With this structure, even when to-be-extracted sounds are present in plural directions, the direction detection device determines, to be the sound source directions of the to-be-extracted sounds, the directions in which frequency signals of the respective to-be-extracted sounds are determined, and thus is capable of outputting information indicating the respective sound source directions of the to-be-extracted sounds. In particular, the direction detection device is capable of outputting the sound source directions of the respective to-be-extracted sounds even when different kinds of to-be-extracted sounds (for example, a voice of Person A and a voice of Person B) are inputted in different directions.
It is preferable that the direction detection device is configured to output, to be a sound source direction, information indicating a direction yielding a minimum phase distance, from among the predetermined directions in which the frequency signals of the to-be-extracted sound are determined in one of the mixed sounds.
The direction determination device configured in this manner outputs information indicating a direction that yields the minimum phase distances to be the sound source direction of the to-be-extracted sound, and thus is capable of accurately outputting the information indicating the sound source direction of the to-be-extracted sound inputted in a single direction.
It is to be noted that the present invention can be implemented not only as a sound determination device including such unique processing units as mentioned above, but also as a sound determination method having the steps corresponding to the unique processing units included in the sound determination device, and as a program causing a computer to execute the unique steps included in the sound determination method. As a matter of course, such program can be distributed through recording media such as CD-ROMs (Compact Disc-Read Only Memories) and via communication networks such as the Internet.

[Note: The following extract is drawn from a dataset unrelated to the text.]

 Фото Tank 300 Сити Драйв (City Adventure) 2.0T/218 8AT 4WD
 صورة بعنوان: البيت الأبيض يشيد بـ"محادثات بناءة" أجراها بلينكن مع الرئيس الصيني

With a sound determination device and the like according to the present invention, it is possible to determine frequency signals of to-be-extracted sounds included in mixed sounds on a per time-frequency domain basis. In particular, the present invention allows determination of frequency signals of the to-be-extracted sounds in distinction from noises in the case where the to-be-extracted sounds and noises are present in the same direction. In addition, the present invention also allows separation of toned sounds such as an engine sound, a siren sound, and a voice, in distinction from toneless sounds such as a wind noise, a rain sound, and a background noise, and determination of frequency signals of a toned sound (or a toneless sound) on a per time-frequency domain basis.
For example, the present invention is applicable to: an audio output device which receives inputs of audio frequency signals determined on a per time-frequency domain basis, and outputs an extracted sound using inverse frequency transform; a sound source direction determination device which receives inputs of frequency signals of to-be-extracted sounds determined on a time-frequency basis from a mixed sound in each of directions, and outputs the sound source directions of the to-be-extracted sounds; a sound identification device which receives inputs of frequency signals of to-be-extracted sounds determined on a time-frequency basis, and performs voice recognition or sound identification; a vehicle detection device which detects an engine sound determined on a per time-frequency domain basis, and notifies a driver of the presence of an approaching vehicle; an emergency vehicle detection device which detects frequency signals of a siren sound determined on a per time-frequency domain basis, and notifies a driver of the presence of an approaching emergency vehicle; a vehicle detection device which notifies a driver of the direction in which an engine sound or a siren sound determined on a per time-frequency domain basis is present; and the like.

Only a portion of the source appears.